Книжки по-разному воспринимаю, эти последние три разговоров с Гефтером. К тем, что делала Лена Высочина, настроен более критично, хотя трёхтомник «Аутсайдер», то есть толстые спецвыпуски «Век хх и мир», это хорошая работа. И я знаю реакцию людей, которые до этого не знали Гефтера, умных людей, которые через этот трёхтомник открывали, через статьи в трёхтомнике и через тексты Гефтера, и через статьи о нём. Ну, он, да, неравноценный, неравномерный. Там разные по жанру статьи написаны с разными вроде бы задачами.

И вот то, что Глеб делает с этими книжками, то же самое. Даже его выбор из моря записей, отбор, задачу актуализации мыслей Гефтера выполняет. Но и вынужденно ограничивает. Я его спрашивал, почему без того, что мы называем научным аппаратом, начиная с самого простого, когда приводится фрагмент диалога, обозначить, из какого года этот разговор, какого года эта запись? Глеб мне объяснял, что просто, ну, нет

рук, у него не было помощников. И, возможно, это, ну, даже это может быть какой-то вынужденный отказ от определённой адресной группы. Это вывело книги за пределы круга источников для историков. Сразу снизило эффективность, возможно, таких книг, потому что, если у историков нет возможности, а боюсь, что и обязанности, на это ссылаться, когда будут использовать идеи.

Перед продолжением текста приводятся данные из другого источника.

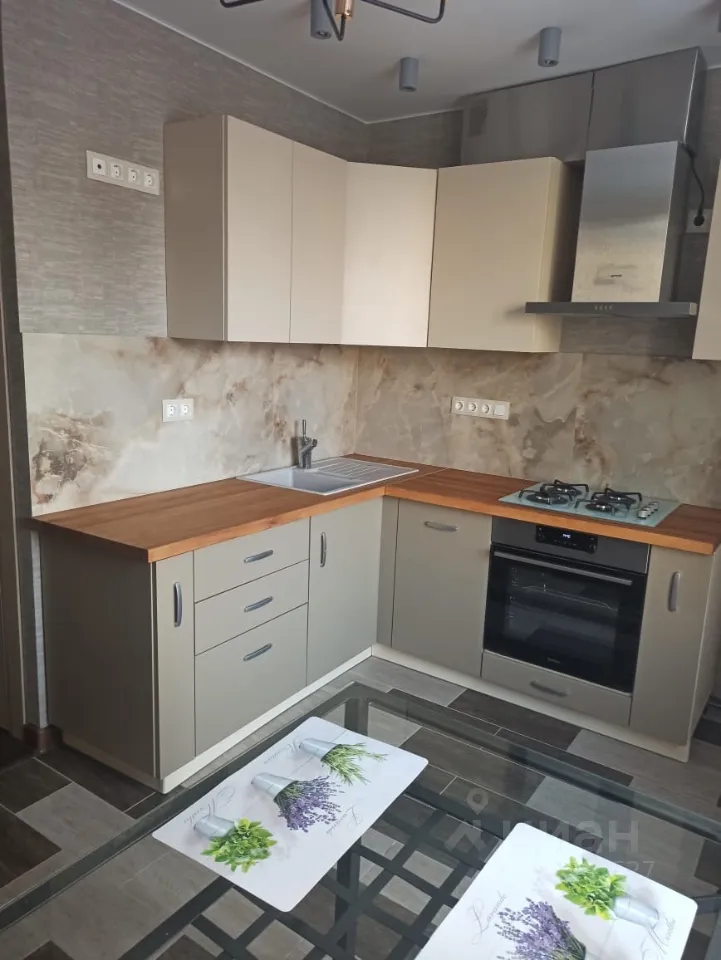 3-комн. квартира, 84 м², 4/9 этаж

Их легче отчуждать от первоисточника. А богатство идей такое и формулировки настолько мощны, что будут использоваться — и идеи, и перелицованные формулировки.

А. Т.: А это не попытка разомкнуть Гефтера исключительно из его времени, вывести его именно из роли исторического источника?

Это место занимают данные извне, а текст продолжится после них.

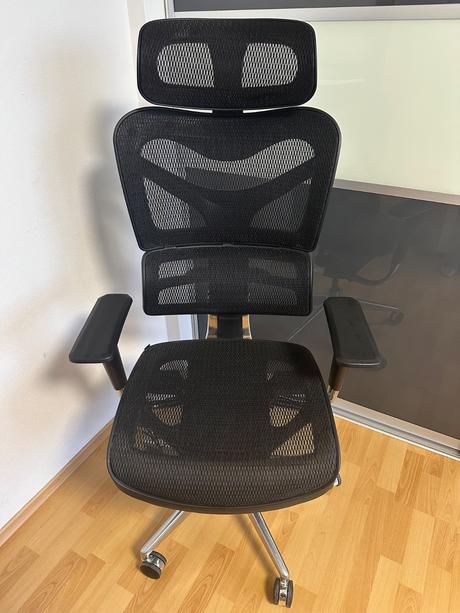 Ergonomická kancelárska stolička mosh airflow 702,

М. Р.: Я вот это не сформулировал. Андрей, я именно это и имею в виду, что, может быть, вот это движение, Глеб жертвует другим, вот ради этого. Я не могу так.

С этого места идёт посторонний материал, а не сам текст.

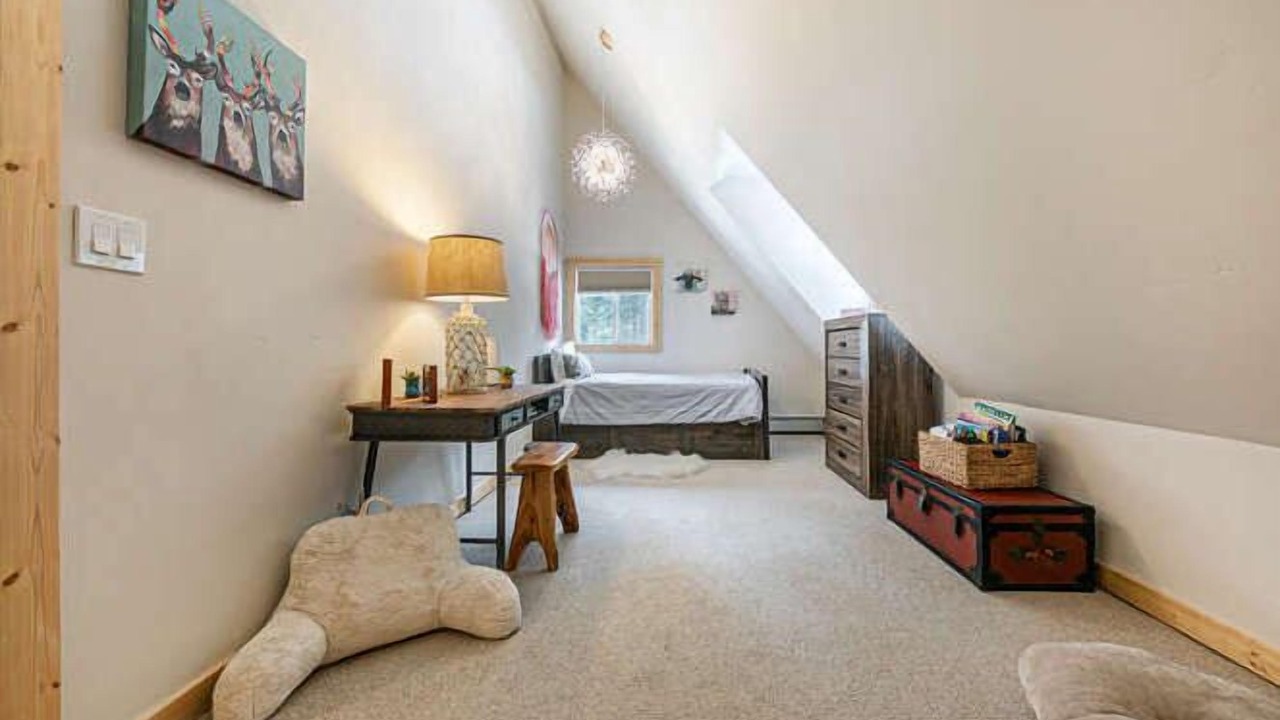 Photo of Bedroom in Tahoe Pines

У меня есть сильное чувство вины, ответственности, что тот корпус интервью, который я собрал — прежде всего биографических — что он по-прежнему остаётся в моём архиве. Не только в моём архиве, но работать-то с ним должен я. И некий путь, искать путь. Хотя с самого начала замысел, в общем, был достаточно очевиден, и это достаточно такой замысел. Но прошло больше 30 лет, я начал брать интервью в мае 1986 года под запись на диктофон. И за это время как бы изменились модели книг, представление о книгах, текстах, которые читаются. То есть поиск формы для, и сохранение того замысла, который не ушёл. Замысел в том, о чём я только что говорил. Вот это плотная, неразрывная связь между жизнью человека, биографией человека и интеллектуальным движением и возникновением этих идей. Начинал брать интервью как у человека определённого поколения. Не как у уникального Михаила Яковлевича, хотя я понимал и тогда, что уникальность абсолютная, и для меня он был настолько близок, что уже даже это могло заставлять биографические интервью брать. Но он меня ещё интересовал как человек поколения, для меня исследовательская мотивация была, так скажем, не просто человеческая, а исследовательская. Это—исследо-вать то поколение и, в общем-то, начал с тех вопросов, которые меня больше всего интересовали в попытках понимания этого поколения, с которым сам Гефтер меня вдруг соотнёс. Для меня это поколение всегда было важно, и до знакомства с Гефтером было очень важно. До этого, может, больше поколение, вернее, люди чуть, на несколько лет помладше, там, начало 20-х, то есть выбитое на войне. Просто среди, ну, начиная с моего отца и ещё какие-то люди, с которыми я встречался по

жизни или авторы, которых я читал, которыми я увлекался вроде Михаила Анчарова, Юрия Левитанского, Давида Самойлова принадлежали к поколению, выбитому на войне. И вот эти оставшиеся, выжившие единицы, один дал мне жизнь, кто-то стал любимыми авторами. Это была вот такая предельная близость. Потом ИФЛИйцы, которые оказались мне очень созвучны по самому мироощущению, отношению к миру и очень близки без, может быть, реакции, там, на категоричность как поправку на время, на эпоху, на революционное поколение, но очень близки по идеализму, своему отношению к истории, чувству истории. Вот такие вот вещи. И я начал говорить с Гефтером, и сразу у нас первый вопрос, который волновал: как эти люди переживали 1937, мне это нужно было понять, как оно там происходило. Хорошо помню эти первые три кассеты, сразу было записано четыре с лишним часа разговора. И Гефтер сразу со своим способом говорить стал вокруг этого вопроса создавать контекст более объемный. Объёмный, чтобы пытаться мне не прямо ответить на этот вопрос, потому что у него он, этот вопрос тоже был, но вместе со мной пытался всю эту сложность реконструировать, восстановить всё это. И почему то, что назвал, мне кажется, не тогда, а в более позднем интервью имморализм. Я никак с этим справиться не мог. У меня еще в расшифровке было написано «аморализм». Не мог понять, о каком аморализме он говорил? До меня только потом дошло, что это имморализм, и вот этот имморализм, понять его, и что это для него лично значило, как и для поколения.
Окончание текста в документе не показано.